On November 6, 2024, a spokesperson for the Foreign Ministry stated that China respects the American people’s choice in their election. In response to questions at a regular press conference, the spokesperson emphasized that China’s policy toward the US has been consistent and declined to comment on the possibility of Washington imposing additional tariffs on imports from China.

On November 7, 2024, President Xi Jinping called Donald Trump to congratulate him on his election as President of the United States. Xi noted “History teaches us that cooperation between China and the U.S. benefits both sides, while conflict harms both. A stable, healthy, and sustainable China-U.S. relationship aligns with the common interests of both countries and the expectations of the international community.”

Business impact and policy considerations

The potential impact of Trump’s 2024 presidential victory on businesses spans increased supply chain disruptions, heightened market volatility, and a more uncertain investment and regulatory landscape.

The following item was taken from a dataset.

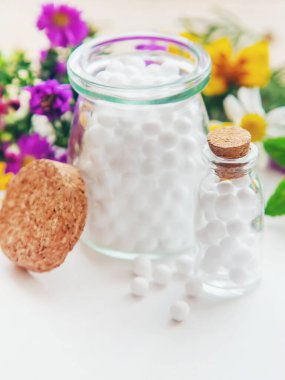 Homeopati. Küçük şişelerde bitkisel özler. Seçici odaklanma. Doğa.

Under Trump’s administration, US-China relations are likely to remain tense. His approach may introduce further unpredictability, and his broader trade policies could potentially ignite another trade war.

Academic and research collaboration could also face new challenges, potentially stifling innovation and knowledge-sharing. Additional US investment restrictions on China could complicate operations for American companies, making business conditions in China more challenging.

Supply chain disruptions and market volatility remain critical concerns, particularly given trade tariffs and possible countermeasures from China. Any escalation in military tensions within the Asia-Pacific region could further amplify these disruptions, impacting market stability.

Overall, the investment climate and regulatory environment could experience increased strain, with American companies at risk of being caught in diplomatic conflicts between the two nations. Notably, China has thus far refrained from targeting US companies specifically, instead working to attract foreign investment and enhance the business environment for international companies.

Preparing for Trump’s second term

US and Chinese companies should prioritize diversifying their supply chains and incorporating potential trade tensions into their strategic planning to mitigate disruption risks. Assessing risk exposure in both markets, especially with regard to tariffs and export controls, will be essential.

Stakeholders must remain vigilant and proactive, closely monitoring policy developments to better manage potential impacts on business operations.

Continuous analysis and adaptation are also imperative for navigating the evolving geopolitical landscape. Given the complexity of US-China relations, companies need to regularly adjust their strategies to align with shifting policies and market conditions. This adaptability will be critical for businesses to capitalize on opportunities, manage risks, and maintain resilience amid ongoing geopolitical tensions.